_Work task_
Retype each line exactly as it stands, beginning at the first line of the material and finishing with the line that contains "FIGS Navy Women's".
[Start of Attachment]
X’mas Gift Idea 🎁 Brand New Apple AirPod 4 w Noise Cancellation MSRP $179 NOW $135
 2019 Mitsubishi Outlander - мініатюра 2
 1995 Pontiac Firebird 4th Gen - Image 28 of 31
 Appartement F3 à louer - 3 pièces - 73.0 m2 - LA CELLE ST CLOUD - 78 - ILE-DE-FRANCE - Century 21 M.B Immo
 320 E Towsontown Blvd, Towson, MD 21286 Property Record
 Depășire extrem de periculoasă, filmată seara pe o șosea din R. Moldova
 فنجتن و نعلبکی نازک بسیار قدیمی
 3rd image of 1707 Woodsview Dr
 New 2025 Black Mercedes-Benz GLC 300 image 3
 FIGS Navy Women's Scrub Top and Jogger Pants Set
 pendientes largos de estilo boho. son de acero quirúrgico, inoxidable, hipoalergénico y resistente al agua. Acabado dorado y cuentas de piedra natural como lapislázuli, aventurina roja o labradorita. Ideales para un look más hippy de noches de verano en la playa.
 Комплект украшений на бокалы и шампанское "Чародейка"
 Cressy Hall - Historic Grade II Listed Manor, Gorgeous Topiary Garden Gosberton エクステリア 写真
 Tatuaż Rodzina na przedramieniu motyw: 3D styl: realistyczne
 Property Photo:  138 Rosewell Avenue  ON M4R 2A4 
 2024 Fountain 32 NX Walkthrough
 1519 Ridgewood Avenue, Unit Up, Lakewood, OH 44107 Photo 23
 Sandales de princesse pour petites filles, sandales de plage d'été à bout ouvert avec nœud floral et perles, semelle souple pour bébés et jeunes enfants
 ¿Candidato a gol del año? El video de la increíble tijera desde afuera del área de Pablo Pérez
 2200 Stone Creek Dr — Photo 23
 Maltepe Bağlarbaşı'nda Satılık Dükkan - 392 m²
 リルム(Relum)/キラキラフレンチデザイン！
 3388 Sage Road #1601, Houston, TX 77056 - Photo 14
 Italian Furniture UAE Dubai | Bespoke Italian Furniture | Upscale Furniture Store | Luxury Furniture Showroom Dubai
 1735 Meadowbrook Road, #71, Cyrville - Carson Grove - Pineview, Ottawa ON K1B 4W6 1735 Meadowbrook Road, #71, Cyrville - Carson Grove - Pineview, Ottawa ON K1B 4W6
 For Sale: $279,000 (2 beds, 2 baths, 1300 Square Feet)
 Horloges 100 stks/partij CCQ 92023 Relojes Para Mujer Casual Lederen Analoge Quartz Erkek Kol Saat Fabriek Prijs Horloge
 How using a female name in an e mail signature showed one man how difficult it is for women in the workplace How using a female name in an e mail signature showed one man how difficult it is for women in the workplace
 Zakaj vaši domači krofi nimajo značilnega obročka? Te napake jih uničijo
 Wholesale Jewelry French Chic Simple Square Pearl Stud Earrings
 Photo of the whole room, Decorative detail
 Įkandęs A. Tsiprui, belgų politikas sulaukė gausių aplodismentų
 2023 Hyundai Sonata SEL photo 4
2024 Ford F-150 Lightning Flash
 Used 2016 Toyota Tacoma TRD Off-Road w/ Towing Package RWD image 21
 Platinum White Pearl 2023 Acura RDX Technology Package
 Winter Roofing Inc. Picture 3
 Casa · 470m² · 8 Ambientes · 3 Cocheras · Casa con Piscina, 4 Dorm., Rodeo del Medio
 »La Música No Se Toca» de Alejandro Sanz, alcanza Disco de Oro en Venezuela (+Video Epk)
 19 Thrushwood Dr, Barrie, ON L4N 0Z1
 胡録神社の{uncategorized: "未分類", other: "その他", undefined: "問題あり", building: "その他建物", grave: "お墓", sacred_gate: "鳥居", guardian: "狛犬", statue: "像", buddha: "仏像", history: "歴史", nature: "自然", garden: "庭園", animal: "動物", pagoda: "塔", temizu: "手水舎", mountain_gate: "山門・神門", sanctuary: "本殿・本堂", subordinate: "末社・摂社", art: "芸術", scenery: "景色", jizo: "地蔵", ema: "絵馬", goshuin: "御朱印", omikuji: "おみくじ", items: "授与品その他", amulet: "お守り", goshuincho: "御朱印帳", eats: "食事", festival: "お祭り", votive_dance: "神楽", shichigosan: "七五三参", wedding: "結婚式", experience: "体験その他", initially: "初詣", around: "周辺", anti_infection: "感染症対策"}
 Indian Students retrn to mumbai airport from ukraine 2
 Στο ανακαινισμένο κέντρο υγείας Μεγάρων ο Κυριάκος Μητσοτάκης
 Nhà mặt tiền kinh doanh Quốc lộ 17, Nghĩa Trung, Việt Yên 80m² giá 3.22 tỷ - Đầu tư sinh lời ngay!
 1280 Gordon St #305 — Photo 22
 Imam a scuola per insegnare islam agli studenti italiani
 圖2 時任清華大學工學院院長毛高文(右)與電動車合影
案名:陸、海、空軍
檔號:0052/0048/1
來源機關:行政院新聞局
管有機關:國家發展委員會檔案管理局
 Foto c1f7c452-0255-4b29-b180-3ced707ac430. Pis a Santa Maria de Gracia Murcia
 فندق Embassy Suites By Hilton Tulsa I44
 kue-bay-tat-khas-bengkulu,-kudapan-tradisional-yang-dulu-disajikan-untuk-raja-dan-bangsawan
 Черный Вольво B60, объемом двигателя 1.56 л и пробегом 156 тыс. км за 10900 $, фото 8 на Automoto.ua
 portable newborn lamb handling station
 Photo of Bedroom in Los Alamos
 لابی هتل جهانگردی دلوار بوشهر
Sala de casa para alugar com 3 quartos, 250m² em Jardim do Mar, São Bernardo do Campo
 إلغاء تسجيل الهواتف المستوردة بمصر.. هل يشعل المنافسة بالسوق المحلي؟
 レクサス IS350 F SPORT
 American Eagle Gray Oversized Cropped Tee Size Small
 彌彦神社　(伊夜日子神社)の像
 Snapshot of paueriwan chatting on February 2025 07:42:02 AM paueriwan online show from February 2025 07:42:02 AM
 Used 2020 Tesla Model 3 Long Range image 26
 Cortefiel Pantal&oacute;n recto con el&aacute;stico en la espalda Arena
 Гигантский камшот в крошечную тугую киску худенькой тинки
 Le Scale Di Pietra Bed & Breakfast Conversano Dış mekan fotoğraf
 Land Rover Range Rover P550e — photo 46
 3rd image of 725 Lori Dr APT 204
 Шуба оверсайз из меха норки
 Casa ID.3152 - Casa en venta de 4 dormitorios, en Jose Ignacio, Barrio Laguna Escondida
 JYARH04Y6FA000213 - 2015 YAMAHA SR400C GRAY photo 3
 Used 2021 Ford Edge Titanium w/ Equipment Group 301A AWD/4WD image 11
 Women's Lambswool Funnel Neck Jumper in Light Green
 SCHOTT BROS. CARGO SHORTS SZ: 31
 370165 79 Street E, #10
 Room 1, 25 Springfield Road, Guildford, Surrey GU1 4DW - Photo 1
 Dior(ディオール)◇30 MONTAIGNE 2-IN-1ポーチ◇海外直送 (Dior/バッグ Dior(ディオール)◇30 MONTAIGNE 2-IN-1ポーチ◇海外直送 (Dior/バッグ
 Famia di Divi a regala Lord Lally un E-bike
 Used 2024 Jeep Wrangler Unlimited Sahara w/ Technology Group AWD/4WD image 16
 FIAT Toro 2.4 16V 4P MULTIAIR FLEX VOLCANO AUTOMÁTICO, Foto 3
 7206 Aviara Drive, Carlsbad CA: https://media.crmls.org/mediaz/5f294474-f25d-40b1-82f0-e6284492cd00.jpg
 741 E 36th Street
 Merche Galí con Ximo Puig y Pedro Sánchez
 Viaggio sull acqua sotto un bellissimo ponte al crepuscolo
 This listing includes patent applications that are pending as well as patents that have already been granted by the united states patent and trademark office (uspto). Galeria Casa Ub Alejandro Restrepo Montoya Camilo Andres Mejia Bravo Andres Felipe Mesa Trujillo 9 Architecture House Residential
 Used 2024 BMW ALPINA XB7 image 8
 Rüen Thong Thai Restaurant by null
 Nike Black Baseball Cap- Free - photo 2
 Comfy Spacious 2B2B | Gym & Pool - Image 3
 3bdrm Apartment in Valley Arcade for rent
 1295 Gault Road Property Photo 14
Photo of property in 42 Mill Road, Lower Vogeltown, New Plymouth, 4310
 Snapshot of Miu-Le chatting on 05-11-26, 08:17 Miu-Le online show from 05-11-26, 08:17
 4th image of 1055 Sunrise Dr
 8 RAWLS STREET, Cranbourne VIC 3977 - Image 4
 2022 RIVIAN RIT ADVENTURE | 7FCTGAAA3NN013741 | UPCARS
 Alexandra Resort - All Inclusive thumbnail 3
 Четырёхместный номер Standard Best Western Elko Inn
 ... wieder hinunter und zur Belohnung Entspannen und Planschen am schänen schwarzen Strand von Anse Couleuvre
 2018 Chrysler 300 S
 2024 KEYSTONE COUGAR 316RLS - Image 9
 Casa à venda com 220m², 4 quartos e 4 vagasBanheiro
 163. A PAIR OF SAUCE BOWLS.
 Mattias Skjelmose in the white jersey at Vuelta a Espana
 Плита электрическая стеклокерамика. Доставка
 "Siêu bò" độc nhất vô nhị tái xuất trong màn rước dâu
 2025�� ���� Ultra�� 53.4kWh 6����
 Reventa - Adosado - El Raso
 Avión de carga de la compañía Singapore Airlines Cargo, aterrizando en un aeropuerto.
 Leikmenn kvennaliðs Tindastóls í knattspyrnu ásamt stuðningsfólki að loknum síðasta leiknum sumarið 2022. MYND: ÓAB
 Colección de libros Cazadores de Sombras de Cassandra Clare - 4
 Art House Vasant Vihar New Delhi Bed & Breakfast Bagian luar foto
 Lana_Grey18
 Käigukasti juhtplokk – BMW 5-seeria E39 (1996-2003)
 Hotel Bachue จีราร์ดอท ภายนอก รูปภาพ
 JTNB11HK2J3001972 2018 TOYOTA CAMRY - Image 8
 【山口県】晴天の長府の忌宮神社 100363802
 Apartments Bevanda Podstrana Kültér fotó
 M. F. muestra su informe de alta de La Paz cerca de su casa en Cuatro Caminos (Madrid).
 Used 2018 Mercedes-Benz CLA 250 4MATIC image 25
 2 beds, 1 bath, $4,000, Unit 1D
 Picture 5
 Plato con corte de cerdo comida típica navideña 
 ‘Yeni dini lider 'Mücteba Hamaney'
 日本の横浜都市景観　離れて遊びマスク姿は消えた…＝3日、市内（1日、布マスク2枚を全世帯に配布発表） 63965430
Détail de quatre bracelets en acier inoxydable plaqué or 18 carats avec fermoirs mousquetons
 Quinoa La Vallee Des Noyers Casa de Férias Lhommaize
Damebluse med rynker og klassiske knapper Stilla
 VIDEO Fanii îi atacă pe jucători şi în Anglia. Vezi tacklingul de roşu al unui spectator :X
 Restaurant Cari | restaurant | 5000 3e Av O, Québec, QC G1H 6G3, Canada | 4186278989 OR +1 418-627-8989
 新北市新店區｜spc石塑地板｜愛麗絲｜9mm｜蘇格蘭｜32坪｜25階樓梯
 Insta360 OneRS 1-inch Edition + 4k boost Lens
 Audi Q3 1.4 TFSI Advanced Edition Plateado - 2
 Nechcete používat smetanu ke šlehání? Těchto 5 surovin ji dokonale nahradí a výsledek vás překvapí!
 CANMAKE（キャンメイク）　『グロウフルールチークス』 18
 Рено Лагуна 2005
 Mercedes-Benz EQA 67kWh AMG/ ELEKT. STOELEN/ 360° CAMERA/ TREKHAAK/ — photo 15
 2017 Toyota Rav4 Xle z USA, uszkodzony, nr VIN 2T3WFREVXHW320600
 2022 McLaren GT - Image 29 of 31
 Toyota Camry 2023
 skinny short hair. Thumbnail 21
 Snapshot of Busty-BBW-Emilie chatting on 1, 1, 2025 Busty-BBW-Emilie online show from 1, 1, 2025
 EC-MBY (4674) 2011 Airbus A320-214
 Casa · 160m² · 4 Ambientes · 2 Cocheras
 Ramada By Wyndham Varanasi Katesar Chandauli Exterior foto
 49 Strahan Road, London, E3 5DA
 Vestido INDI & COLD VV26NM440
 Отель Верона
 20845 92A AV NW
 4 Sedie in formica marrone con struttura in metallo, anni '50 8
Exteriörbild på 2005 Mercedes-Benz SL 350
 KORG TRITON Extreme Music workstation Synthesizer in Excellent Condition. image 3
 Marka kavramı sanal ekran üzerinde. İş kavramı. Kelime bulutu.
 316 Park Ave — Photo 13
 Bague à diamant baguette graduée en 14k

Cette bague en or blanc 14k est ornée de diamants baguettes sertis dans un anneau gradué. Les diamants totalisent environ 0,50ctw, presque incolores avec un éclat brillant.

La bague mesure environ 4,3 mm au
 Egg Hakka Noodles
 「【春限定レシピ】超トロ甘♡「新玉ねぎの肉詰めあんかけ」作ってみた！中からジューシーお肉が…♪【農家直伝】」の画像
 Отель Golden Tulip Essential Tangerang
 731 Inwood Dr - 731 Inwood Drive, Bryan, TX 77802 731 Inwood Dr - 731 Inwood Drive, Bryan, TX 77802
[End of Attachment]
_Written response_
X’mas Gift Idea 🎁 Brand New Apple AirPod 4 w Noise Cancellation MSRP $179 NOW $135
 2019 Mitsubishi Outlander - мініатюра 2
 1995 Pontiac Firebird 4th Gen - Image 28 of 31
 Appartement F3 à louer - 3 pièces - 73.0 m2 - LA CELLE ST CLOUD - 78 - ILE-DE-FRANCE - Century 21 M.B Immo
 320 E Towsontown Blvd, Towson, MD 21286 Property Record
 Depășire extrem de periculoasă, filmată seara pe o șosea din R. Moldova
 فنجتن و نعلبکی نازک بسیار قدیمی
 3rd image of 1707 Woodsview Dr
 New 2025 Black Mercedes-Benz GLC 300 image 3
 FIGS Navy Women's Scrub Top and Jogger Pants Set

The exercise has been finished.